Mary Kate M. Lane a b 1, Elise B. Gilcher b c 1, Melissa M. Ahrens-Víquez a, Rachel S. Pontious a, Nora E. Wyrtzen d, Julie B. Zimmerman a b c
a Chemical and Environmental Engineering, Yale University, 17 Hillhouse Ave, New Haven, CT 06511, USA
b Center for Green Chemistry & Green Engineering at Yale, Yale University, 370 Prospect Street, New Haven, CT 06511, USA
c School of the Environment, Yale University, 195 Prospect St, New Haven, CT 06511, USA
d Environmental Studies, Yale College, 1 Prospect St, New Haven, CT 06511, USA
Received 8 April 2024, Revised 23 May 2024, Accepted 23 June 2024, Available online 24 June 2024, Version of Record 27 June 2024.
Abstract
The emerging nutraceutical, fucoxanthin, shows promise as a high-value product to enable the integrated biorefinery. Fucoxanthin can be extracted from algae through supercritical fluid extraction (SFE), but literature does not agree on optimal extraction conditions.

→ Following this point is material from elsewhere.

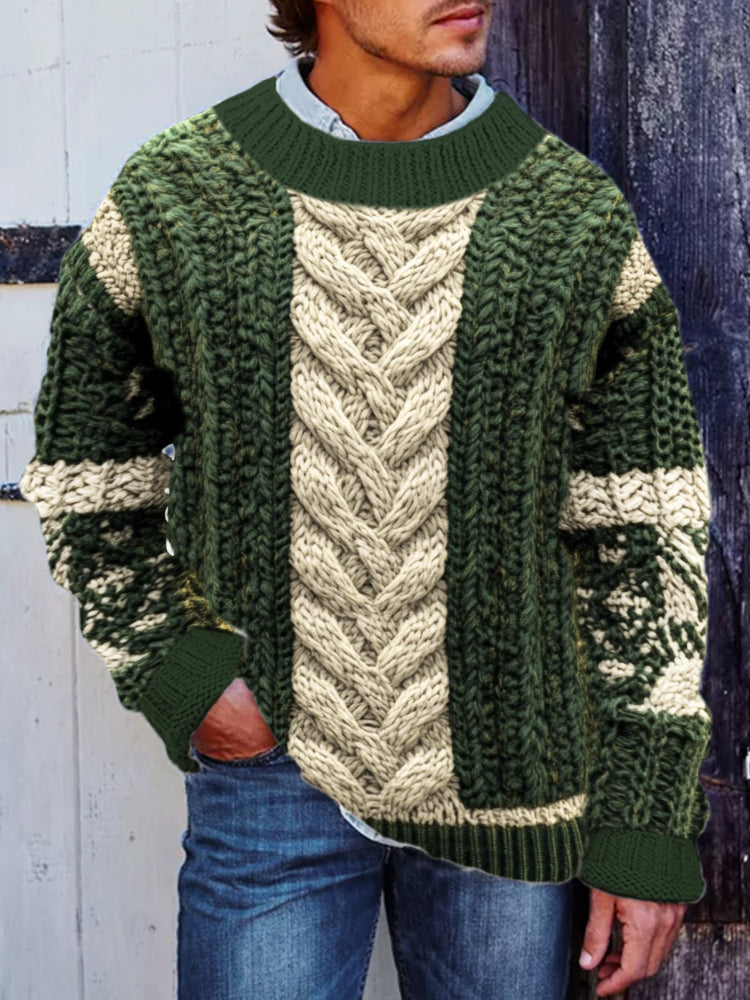 Twisted Floral Knit Pattern Vintage Men's Crew Neck Sweater elevenforest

Here, a statistical analysis of literature identifies supercritical carbon dioxide (scCO2) density, ethanol cosolvent amount, and polarity as significant predictors of fucoxanthin yield. Novel SFE experiments are then performed using a fucoxanthin standard, describing its fundamental solubility. These experiments establish solvent system polarity as the key knob to tune fucoxanthin recovery from 0% to 100% and give specific operating conditions for targeted fucoxanthin extraction. Further experiments compare extractions on fucoxanthin standard with extractions from Phaeodactylum tricornutum microalgae to elucidate the effect of the algae matrix. Results show selectivity of fucoxanthin over chlorophyll in scCO2 microalgae extractions that was not seen in extractions with ethanol, indicating a benefit of scCO2 to design selective extraction schemes.